Files
Autonomous-Bug-Explorer/.ralph/specs/legacy/production-hardening.md

2.2 KiB

ABE — Production Hardening Specification

Health Endpoints (no auth required)

GET /health

Returns 200 if server is up.

{ "status": "ok", "version": "0.1.0", "uptime_seconds": 3600 }

GET /ready

Returns 200 if server is ready to accept requests (DB connected, no critical errors). Returns 503 if not ready.

{ "status": "ready", "db": "connected", "active_sessions": 2 }

Used by Docker HEALTHCHECK and Kubernetes readiness probes.

Docker improvements

Backend Dockerfile

Add HEALTHCHECK:

HEALTHCHECK --interval=30s --timeout=10s --start-period=5s --retries=3 \
  CMD curl -f http://localhost:3001/health || exit 1

docker-compose.yml updates

  • Add healthcheck to backend service
  • Add restart: unless-stopped to both services
  • Add data/ volume for SQLite persistence
  • Load .env file: env_file: .env
  • Add depends_on: backend: condition: service_healthy to frontend

.env.example file

Create .env.example in repo root with all variables and example values. .env added to .gitignore.
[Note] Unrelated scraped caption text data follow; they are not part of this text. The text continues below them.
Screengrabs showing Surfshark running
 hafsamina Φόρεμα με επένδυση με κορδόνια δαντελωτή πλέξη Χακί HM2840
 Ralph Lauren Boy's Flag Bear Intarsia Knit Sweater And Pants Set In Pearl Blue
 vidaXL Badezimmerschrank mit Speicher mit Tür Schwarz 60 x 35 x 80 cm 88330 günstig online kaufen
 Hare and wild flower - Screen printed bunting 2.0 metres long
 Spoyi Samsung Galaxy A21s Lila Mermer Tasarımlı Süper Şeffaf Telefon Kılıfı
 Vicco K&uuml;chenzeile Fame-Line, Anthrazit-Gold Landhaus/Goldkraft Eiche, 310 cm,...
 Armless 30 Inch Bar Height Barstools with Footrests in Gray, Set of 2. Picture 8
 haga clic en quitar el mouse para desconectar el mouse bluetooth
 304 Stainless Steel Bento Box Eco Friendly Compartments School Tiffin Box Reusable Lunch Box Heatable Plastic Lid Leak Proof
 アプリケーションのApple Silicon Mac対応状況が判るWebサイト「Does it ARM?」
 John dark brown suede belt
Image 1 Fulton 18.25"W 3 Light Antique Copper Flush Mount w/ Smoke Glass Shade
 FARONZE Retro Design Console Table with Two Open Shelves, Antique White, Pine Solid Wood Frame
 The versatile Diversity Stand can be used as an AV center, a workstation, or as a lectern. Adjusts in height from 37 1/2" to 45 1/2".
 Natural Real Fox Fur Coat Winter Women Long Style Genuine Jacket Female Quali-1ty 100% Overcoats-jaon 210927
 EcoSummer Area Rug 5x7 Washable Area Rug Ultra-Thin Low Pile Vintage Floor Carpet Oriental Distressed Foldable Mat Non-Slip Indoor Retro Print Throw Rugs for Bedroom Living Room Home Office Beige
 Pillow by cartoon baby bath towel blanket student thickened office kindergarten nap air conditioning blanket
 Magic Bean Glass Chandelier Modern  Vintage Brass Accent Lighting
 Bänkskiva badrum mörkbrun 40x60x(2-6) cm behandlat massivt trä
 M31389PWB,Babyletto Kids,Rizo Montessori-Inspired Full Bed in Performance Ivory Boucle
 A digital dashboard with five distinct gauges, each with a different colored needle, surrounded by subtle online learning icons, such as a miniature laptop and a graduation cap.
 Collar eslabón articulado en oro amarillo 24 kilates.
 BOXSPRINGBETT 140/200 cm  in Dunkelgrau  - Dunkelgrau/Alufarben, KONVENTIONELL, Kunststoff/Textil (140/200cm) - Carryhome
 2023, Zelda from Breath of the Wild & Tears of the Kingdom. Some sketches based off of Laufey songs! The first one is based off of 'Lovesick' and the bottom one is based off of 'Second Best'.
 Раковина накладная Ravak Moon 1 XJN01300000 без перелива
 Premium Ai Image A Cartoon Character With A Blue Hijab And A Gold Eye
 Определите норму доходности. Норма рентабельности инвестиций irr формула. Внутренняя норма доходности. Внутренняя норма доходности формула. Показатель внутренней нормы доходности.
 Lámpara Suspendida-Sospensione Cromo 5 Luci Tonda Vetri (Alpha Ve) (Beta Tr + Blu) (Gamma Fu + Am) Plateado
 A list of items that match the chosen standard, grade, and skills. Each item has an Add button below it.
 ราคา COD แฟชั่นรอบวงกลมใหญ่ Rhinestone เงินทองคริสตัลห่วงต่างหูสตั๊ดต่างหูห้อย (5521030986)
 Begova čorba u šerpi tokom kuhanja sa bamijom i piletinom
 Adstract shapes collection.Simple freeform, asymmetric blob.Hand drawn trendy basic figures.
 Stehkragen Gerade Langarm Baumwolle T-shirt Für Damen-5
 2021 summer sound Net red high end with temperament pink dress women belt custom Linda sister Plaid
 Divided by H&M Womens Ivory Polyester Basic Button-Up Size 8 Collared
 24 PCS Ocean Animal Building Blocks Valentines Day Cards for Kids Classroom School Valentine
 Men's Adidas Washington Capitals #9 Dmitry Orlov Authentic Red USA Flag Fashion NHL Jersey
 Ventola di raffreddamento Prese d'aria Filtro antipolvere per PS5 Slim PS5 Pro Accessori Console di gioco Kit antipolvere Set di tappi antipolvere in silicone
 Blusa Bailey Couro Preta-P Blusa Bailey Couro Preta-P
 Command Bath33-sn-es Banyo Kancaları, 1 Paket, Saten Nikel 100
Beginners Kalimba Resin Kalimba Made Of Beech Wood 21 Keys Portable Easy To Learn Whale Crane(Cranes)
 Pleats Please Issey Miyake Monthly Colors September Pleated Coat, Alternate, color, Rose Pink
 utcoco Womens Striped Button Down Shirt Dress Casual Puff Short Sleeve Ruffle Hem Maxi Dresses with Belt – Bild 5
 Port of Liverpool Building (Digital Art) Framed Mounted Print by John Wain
Error handling improvements

Global Express error handler in src/server/index.ts:

  • Catch all unhandled errors
  • Log with timestamp and stack trace
  • Return consistent JSON error format:
{ "error": "Internal server error", "code": "INTERNAL_ERROR", "timestamp": 1705312200000 }

Never expose stack traces in production (NODE_ENV=production).

Graceful shutdown

On SIGTERM/SIGINT:

  1. Stop accepting new sessions
  2. Wait for active sessions to finish (max 30s)
  3. Close DB connection
  4. Exit 0

Concurrency limits

  • Max concurrent exploration sessions: configurable via ABE_MAX_CONCURRENT_SESSIONS (default: 3)
  • If limit reached, POST /api/sessions returns 429 with:
{ "error": "Max concurrent sessions reached", "active": 3, "limit": 3 }

Logging improvements

Replace console.log with structured logger (use pino):

log.info({ sessionId, url, event: 'session_started' }, 'Session started')
log.error({ anomalyId, error }, 'Failed to capture screenshot')

All logs go to stdout (Docker captures them). Log level configurable via ABE_LOG_LEVEL env var (default: 'info').